■ ACTION ITEM ■
The whole listing needs to be written out exactly, except for any images.

■ GIVEN DATA ■
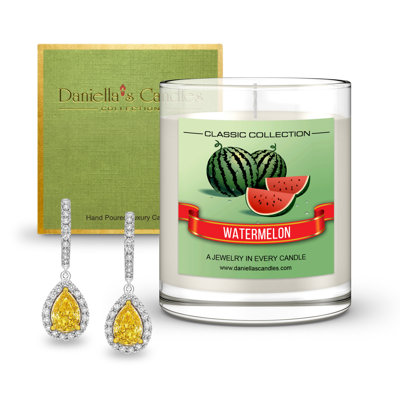 Watermelon Jewelry Surprise Candle with Earrings Inside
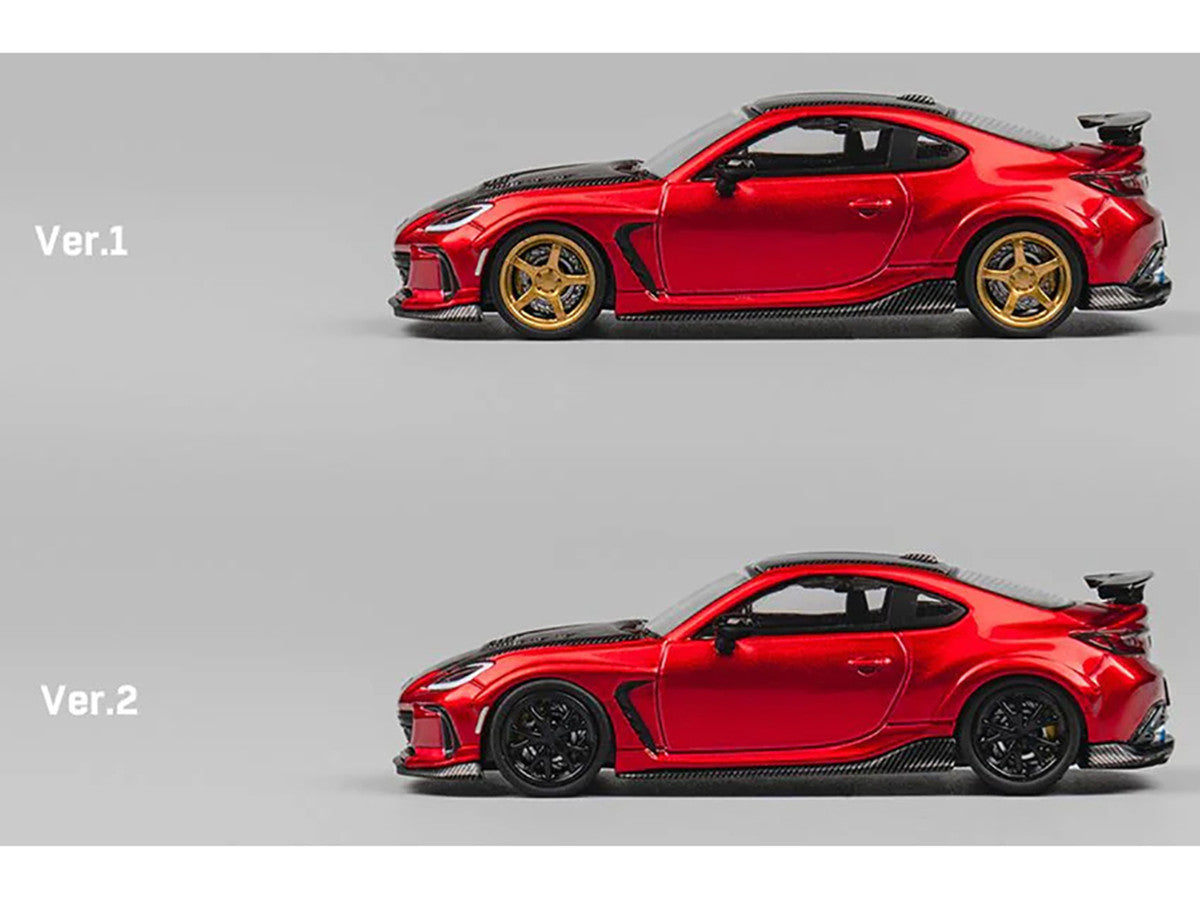 Subaru BRZ Varis Arising-1 RHD (Right Hand Drive) Red Metallic with Carbon Hood and Top and Extra Wheels 1/64 Diecast Model Car by CM Model-1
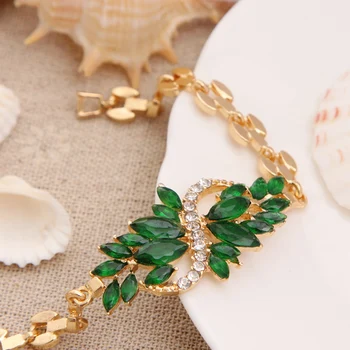 Hesiod Antic Bijuterii Vintage Verde de Cristal de Aur de Culoare Lanț Brățară Brățară pentru Femei CZ de Lux Brățări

■ RESPONSE FOR THIS EXERCISE ■
 Watermelon Jewelry Surprise Candle with Earrings Inside
 Subaru BRZ Varis Arising-1 RHD (Right Hand Drive) Red Metallic with Carbon Hood and Top and Extra Wheels 1/64 Diecast Model Car by CM Model-1
 Hesiod Antic Bijuterii Vintage Verde de Cristal de Aur de Culoare Lanț Brățară Brățară pentru Femei CZ de Lux Brățări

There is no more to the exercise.